[Source data Boundary: Start]
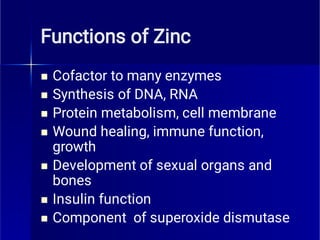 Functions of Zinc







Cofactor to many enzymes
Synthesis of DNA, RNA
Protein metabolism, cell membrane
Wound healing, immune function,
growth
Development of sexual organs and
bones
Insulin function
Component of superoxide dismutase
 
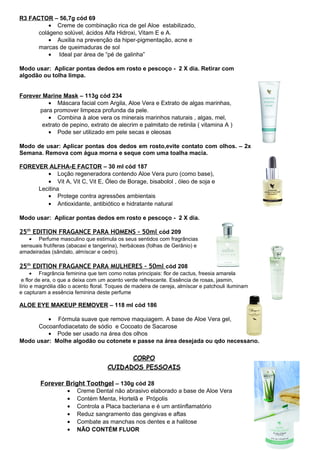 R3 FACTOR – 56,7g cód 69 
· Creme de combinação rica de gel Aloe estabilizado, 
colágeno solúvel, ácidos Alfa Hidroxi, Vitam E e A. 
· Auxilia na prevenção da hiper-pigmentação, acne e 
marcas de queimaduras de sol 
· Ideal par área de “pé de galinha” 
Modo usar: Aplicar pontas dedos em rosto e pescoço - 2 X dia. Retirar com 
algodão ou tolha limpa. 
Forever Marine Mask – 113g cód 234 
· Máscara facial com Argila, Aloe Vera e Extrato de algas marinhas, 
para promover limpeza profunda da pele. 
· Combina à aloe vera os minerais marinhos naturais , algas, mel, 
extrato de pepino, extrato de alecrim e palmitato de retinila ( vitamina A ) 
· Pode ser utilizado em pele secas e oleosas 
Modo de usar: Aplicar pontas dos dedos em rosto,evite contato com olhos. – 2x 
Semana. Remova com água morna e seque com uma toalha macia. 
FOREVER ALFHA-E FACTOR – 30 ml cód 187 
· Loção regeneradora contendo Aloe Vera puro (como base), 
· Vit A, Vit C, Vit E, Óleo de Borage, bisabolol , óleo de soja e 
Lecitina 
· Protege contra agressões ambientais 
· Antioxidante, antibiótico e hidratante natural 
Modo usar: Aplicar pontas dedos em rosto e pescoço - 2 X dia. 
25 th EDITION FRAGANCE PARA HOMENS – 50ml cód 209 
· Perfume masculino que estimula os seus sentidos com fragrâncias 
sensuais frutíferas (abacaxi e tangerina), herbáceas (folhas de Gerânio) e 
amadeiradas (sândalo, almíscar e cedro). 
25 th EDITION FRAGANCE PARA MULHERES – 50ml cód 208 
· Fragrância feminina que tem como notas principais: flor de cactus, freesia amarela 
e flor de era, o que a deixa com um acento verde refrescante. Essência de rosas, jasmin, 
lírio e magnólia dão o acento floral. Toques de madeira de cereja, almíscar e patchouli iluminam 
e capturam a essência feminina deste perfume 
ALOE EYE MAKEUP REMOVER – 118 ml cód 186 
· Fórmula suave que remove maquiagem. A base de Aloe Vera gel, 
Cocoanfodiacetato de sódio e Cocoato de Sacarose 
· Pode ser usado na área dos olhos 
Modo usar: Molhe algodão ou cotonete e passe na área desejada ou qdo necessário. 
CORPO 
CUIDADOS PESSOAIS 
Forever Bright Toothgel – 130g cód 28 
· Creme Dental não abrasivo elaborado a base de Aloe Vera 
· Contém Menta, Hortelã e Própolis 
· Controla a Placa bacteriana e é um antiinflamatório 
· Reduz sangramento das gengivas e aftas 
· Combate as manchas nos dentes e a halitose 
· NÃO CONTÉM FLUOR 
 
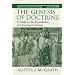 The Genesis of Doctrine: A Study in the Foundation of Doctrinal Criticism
[Source data Boundary: End]
[Source data Boundary: Start]
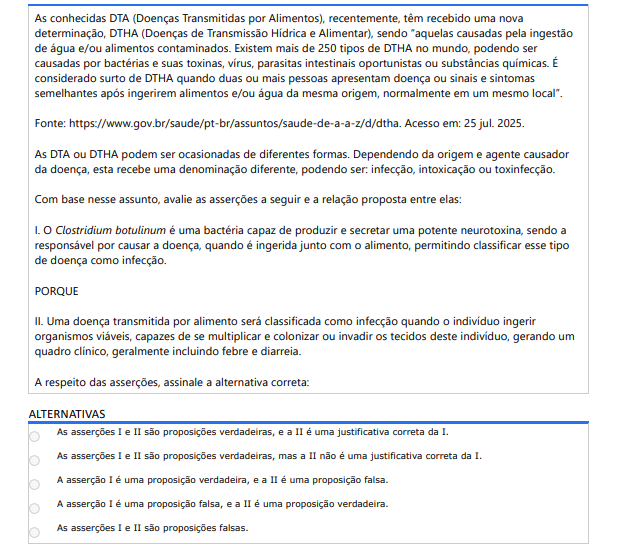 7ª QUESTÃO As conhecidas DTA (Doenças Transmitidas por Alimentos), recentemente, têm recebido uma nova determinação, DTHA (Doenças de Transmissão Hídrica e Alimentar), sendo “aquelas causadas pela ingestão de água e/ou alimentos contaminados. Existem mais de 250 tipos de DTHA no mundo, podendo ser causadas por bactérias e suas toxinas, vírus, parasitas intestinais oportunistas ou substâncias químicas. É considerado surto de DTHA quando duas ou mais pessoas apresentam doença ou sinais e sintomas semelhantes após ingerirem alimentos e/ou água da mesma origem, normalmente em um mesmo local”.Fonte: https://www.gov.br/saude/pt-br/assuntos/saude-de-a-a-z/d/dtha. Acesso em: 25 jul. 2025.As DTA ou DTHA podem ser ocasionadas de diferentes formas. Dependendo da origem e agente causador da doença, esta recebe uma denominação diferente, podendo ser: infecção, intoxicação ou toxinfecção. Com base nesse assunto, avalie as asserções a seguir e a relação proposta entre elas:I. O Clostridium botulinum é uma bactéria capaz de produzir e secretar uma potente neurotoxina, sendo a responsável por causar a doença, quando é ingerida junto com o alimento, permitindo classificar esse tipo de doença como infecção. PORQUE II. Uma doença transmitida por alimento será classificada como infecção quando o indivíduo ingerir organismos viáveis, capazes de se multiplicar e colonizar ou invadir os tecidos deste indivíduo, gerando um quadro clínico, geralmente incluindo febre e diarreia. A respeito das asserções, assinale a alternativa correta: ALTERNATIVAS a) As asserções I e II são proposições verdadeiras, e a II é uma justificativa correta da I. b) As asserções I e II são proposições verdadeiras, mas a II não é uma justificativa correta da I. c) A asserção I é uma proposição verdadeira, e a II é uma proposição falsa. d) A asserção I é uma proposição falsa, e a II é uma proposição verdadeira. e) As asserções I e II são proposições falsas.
[Source data Boundary: End]
- **Task statement**:
What are the lines in the records above, word for word, from the one containing "Cocoanfodiacetato de sódio" through the one containing "The Genesis of", both ends included and pictures left out?

- **Exercise output**:
Cocoanfodiacetato de sódio e Cocoato de Sacarose 
· Pode ser usado na área dos olhos 
Modo usar: Molhe algodão ou cotonete e passe na área desejada ou qdo necessário. 
CORPO 
CUIDADOS PESSOAIS 
Forever Bright Toothgel – 130g cód 28 
· Creme Dental não abrasivo elaborado a base de Aloe Vera 
· Contém Menta, Hortelã e Própolis 
· Controla a Placa bacteriana e é um antiinflamatório 
· Reduz sangramento das gengivas e aftas 
· Combate as manchas nos dentes e a halitose 
· NÃO CONTÉM FLUOR 
 
 The Genesis of Doctrine: A Study in the Foundation of Doctrinal Criticism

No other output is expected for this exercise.